Cut your client some slack
Recently I’ve been working on some web designs with a very talented and experienced designer. I’ve been given some authority over the project, so I am effectively in the position of the client.
I have commissioned freelances before, but not so much since becoming one myself. Naturally, my freelancing years have seen me acquire and, yes, perhaps even cultivate, the standard gripes about clients. So it was enlightening to see the process of working with a freelance from the other side of the fence.
At one point, the designer had produced some first layouts that looked great. But I felt they lacked a little something. So I asked him to go back to the drawing board and add in some more colours and graphics – to add some ‘movement and life’ to the design, or so I thought.
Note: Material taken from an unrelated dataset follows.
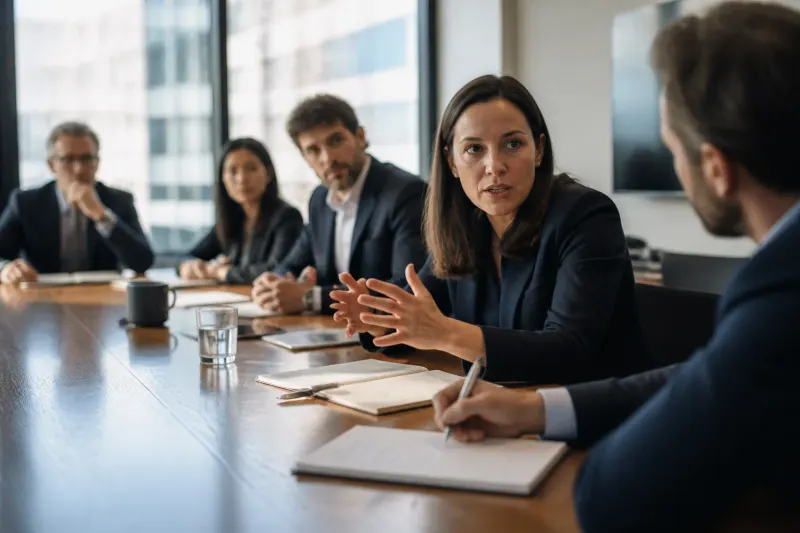 A meeting room with participants discussing a Bitcoin perpetual contract case.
The result was complete rubbish.
Thankfully, he put up with all this with grace and tact. He understood the situation and had no doubt experienced similar ones many times before. But why couldn’t I accept that he might have found the best way forward? Why did I feel things would automatically get better with my input?
Seeing is believing
From my point of view, I wasn’t trying to steamroller or humiliate the designer – I just needed to see my ideas on the screen before I could evaluate them. To some extent, the problem was down to my own skillset – strong on words, weak on images and layouts. Lacking the visualisation skills to foresee the way things would pan out, I had to force a detour to a dead-end just to make sure it didn’t go anywhere.
On a psychological level, we could put my intervention down to illusory superiority, a decision-making bias that leads us to overestimate our own positive qualities and abilities and underestimate our negative qualities, relative to others. For example, 93% of US drivers rate themselves as having above-average driving skill, yet by definition only 50% can be above the median. Parents who raise a child together know the phenomenon very well, and from both sides of the fence (‘you’re doing that wrong!’).
From my point of view, my ideas felt ‘right’ – even though objectively, as I later realised, they added no value. We may know, on a rational level, that we’re dealing with an expert who knows more than us. But that doesn’t stop us from questioning them.
Of course, this is familiar to me from the freelance side of the fence. Many are the times I’ve been asked to try a rewrite, restructure or copy concept that I already know won’t work. But from the client side, I realised that asking for things to be reworked flows from a desire to improve things, however misguided.
Praise you like I should
Another thing I’ve realised, while writing this post, is that I haven’t complimented the designer on what he’s done, even though it’s fantastic. While reviewing his work, everyone else on the project has been raving about how great it is. But I haven’t yet conveyed any of that to him.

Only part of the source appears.